NMFC is a publicly traded business development company managed by New Mountain Capital's credit team under a long-term advisory agreement. The BDC launched in 2010 with a portfolio seeded from existing New Mountain credit positions, giving it immediate scale. While NMFC has independent public shareholders and its own board, investment decisions flow through New Mountain Capital's origination and research process. This makes NMFC the liquid, regulated public access point for the firm's private credit strategy.
What type of debt instruments does NMFC primarily hold?
NMFC concentrates on senior secured first-lien and second-lien debt, which sits at the top of the capital structure and provides stronger downside protection than unsecured or subordinated loans. The firm also holds smaller positions in unsecured debt and equity co-investments, typically taken alongside its lending. This senior-focused profile has historically kept recovery rates higher than those of credit managers who stretch into mezzanine or pure equity BDC strategies.

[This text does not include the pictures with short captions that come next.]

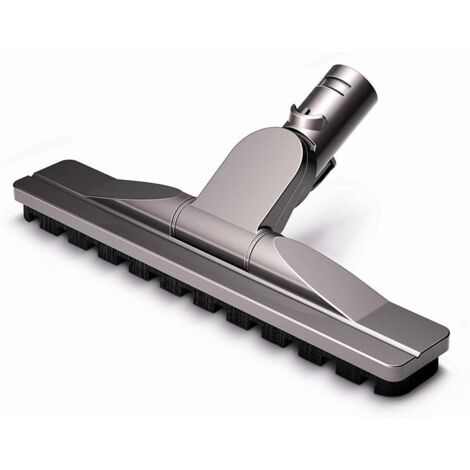 Accessoires pour aspirateur Dyson V6 DC62 DC59 58, tête de brosse de sol mixte en poils de cheval (1/5)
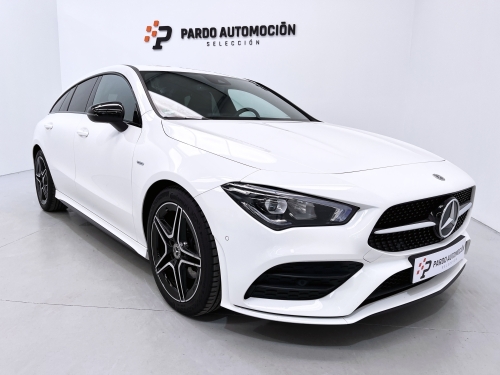 MERCEDES 200d Edition Manual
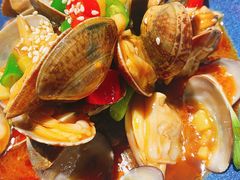 -盔甲王·猛货牌档(安泰店)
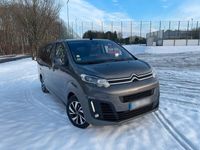 gebraucht Citroën Spacetourer 2,0 BlueHDi 180 Businessline XL (1.Hand)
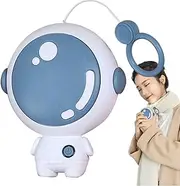 Portable Electric Warmer | Pocket Heater Astronaut Hand Warmer | Portable Home Supplies Cute Hand Heater for Outdoor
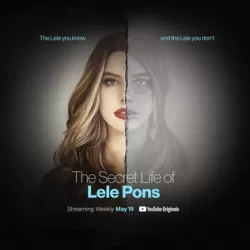 The Secret Life of Lele Pons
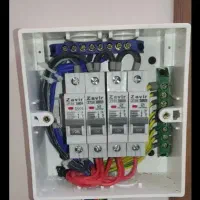 تابلو برق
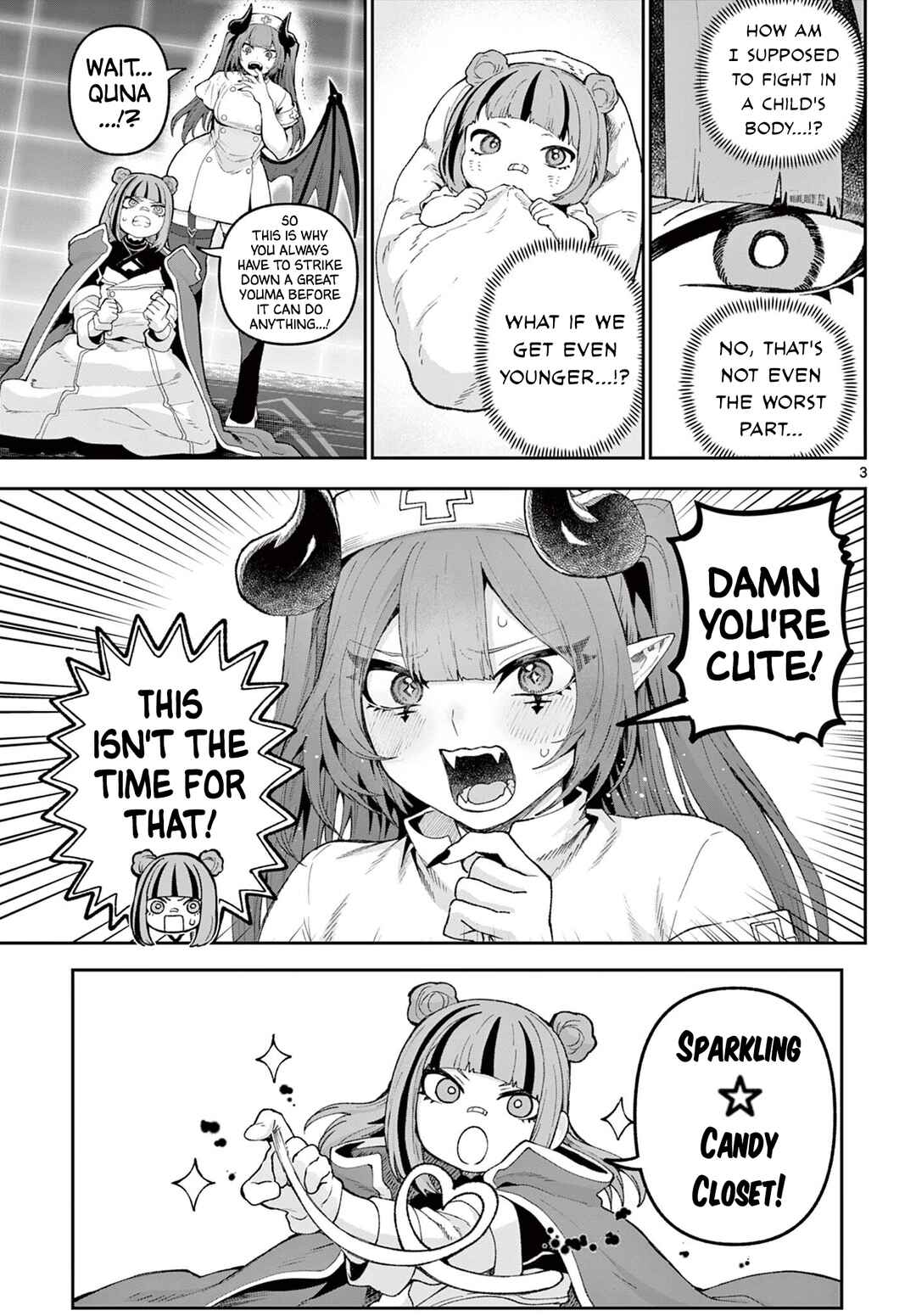 Chapter 40 - Page 3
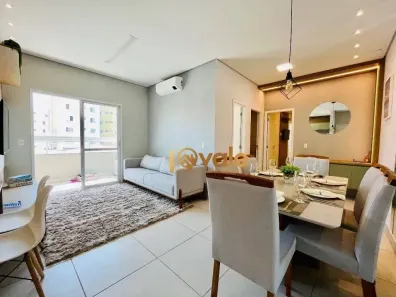 Apartamento com 2 Quartos à venda, 67m² no Jardim Ismênia, São José dos Campos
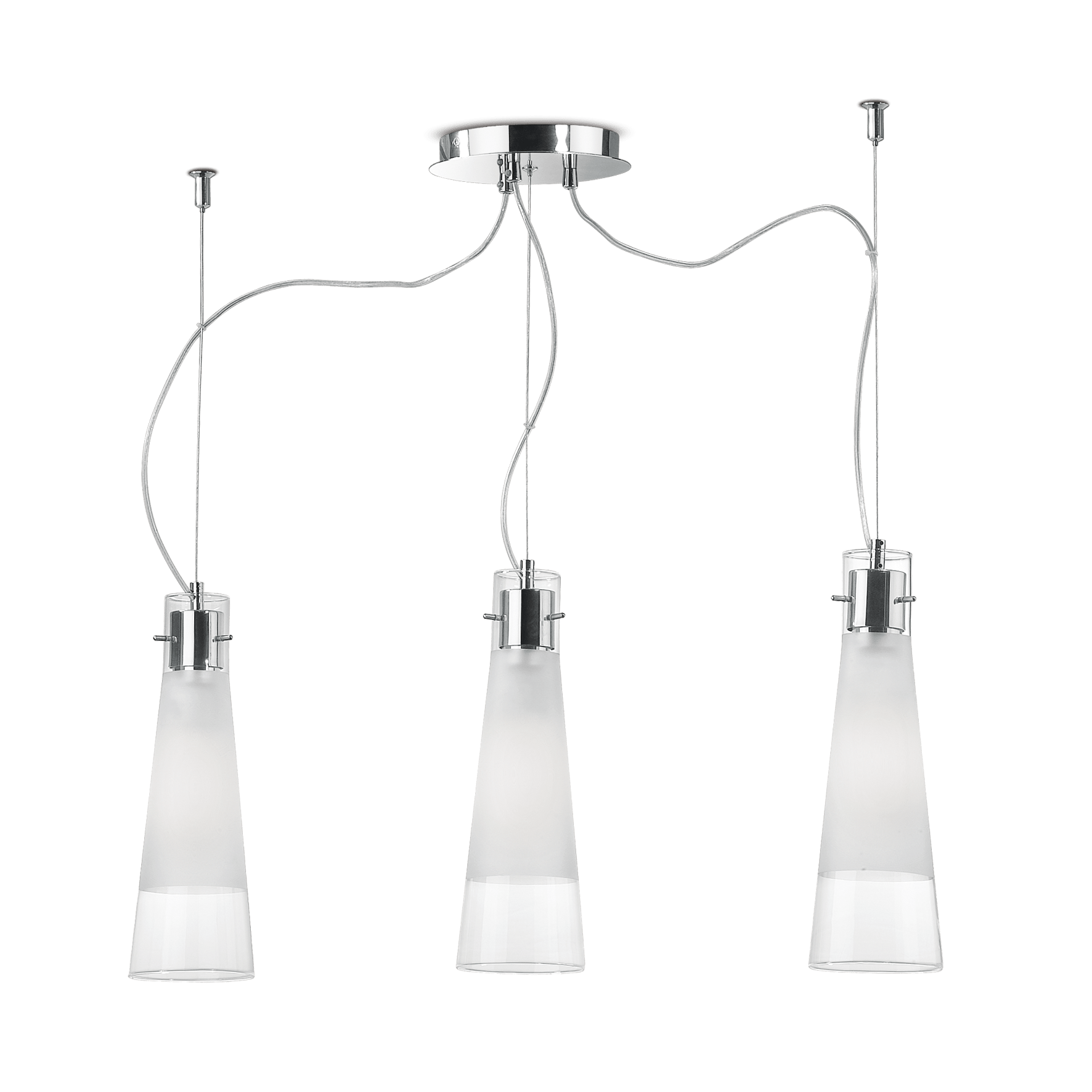 IDEAL LUX - KUKY SP3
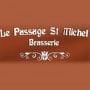 Le Passage St Michel Bordeaux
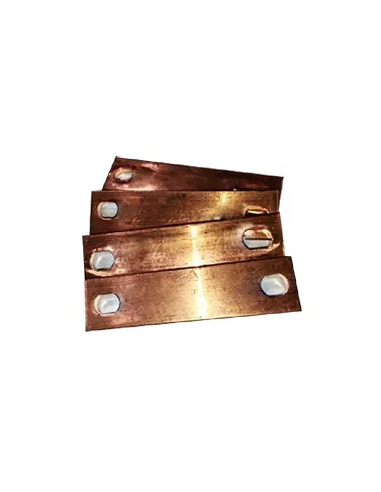 Roker Elc047 Kit De Barra De Acople... Roker Elc047 Kit De Barra De Acople...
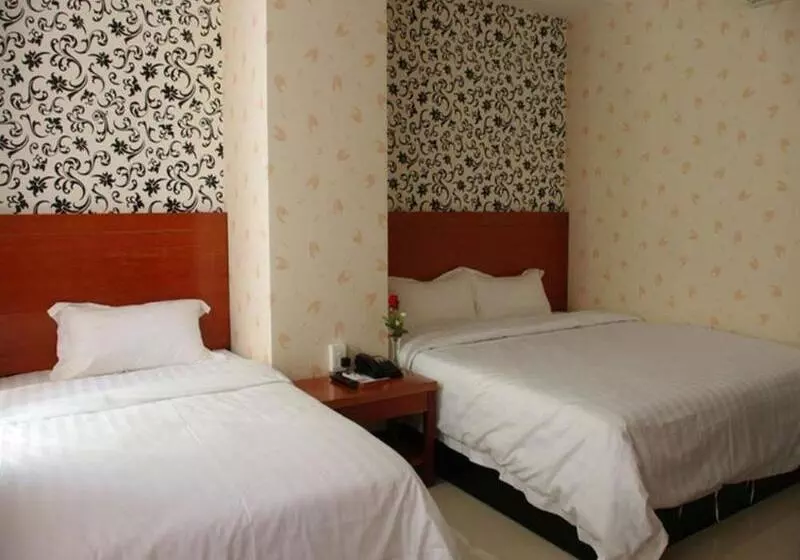 Fotos del hotel An Dong Center:  8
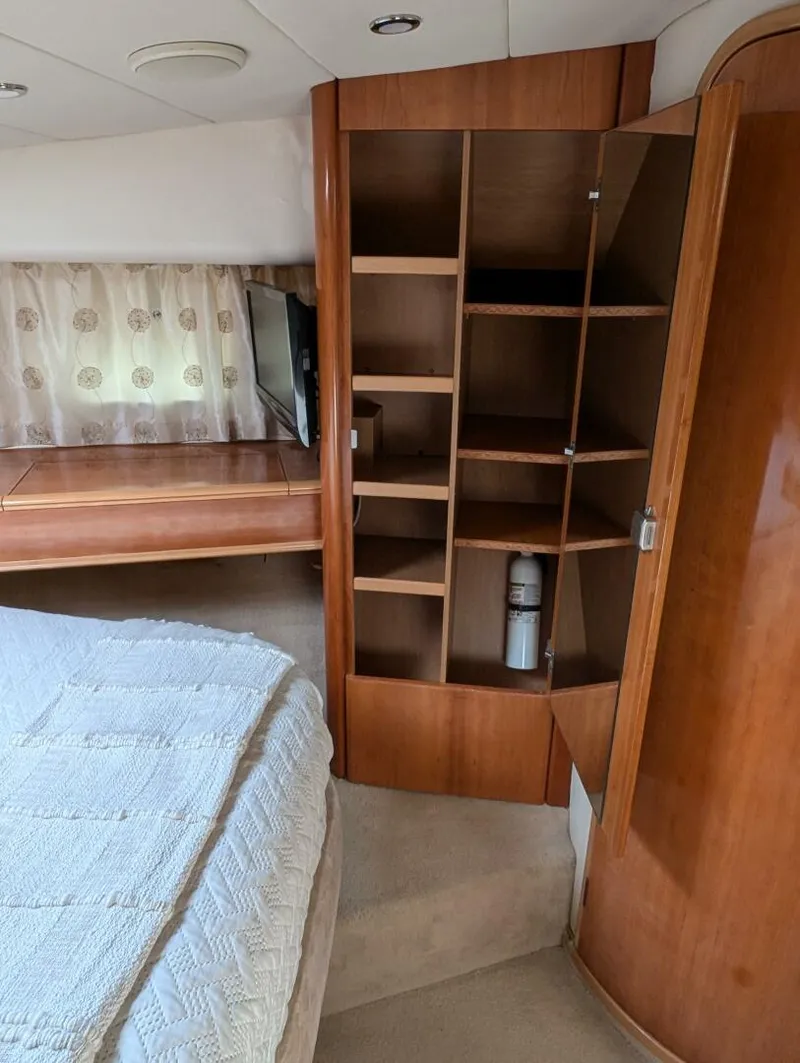 Slide: The Image of Viking Sport Cruiser 1998 - 5806626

Does NMFC participate in sponsor-backed deals or focus on direct origination?
NMFC participates in both sponsor-backed and sponsorless transactions, though New Mountain Capital's long private equity history gives it an extensive sponsor network for deal flow. The firm's research-heavy approach often leads it to sponsorless deals where direct relationships with management teams allow it to structure and price loans without an intermediary. This dual-channel origination helps the portfolio maintain sector concentration while avoiding overexposure to any single sponsor group.
What sectors does New Mountain Finance Corp avoid?
NMFC and New Mountain Capital explicitly avoid commodity-driven cyclical industries, high-leverage financial engineering situations, and distressed companies. The firm's private equity parent built its reputation on 'defensive growth' — investing in recession-resistant sectors like healthcare services, enterprise software, and outsourced business services where cash flows are predictable. Highly cyclical sectors such as energy extraction, commodity manufacturing, and retail are notably absent from NMFC's portfolio.
How is NMFC compensated for managing the portfolio, and how does that affect shareholders?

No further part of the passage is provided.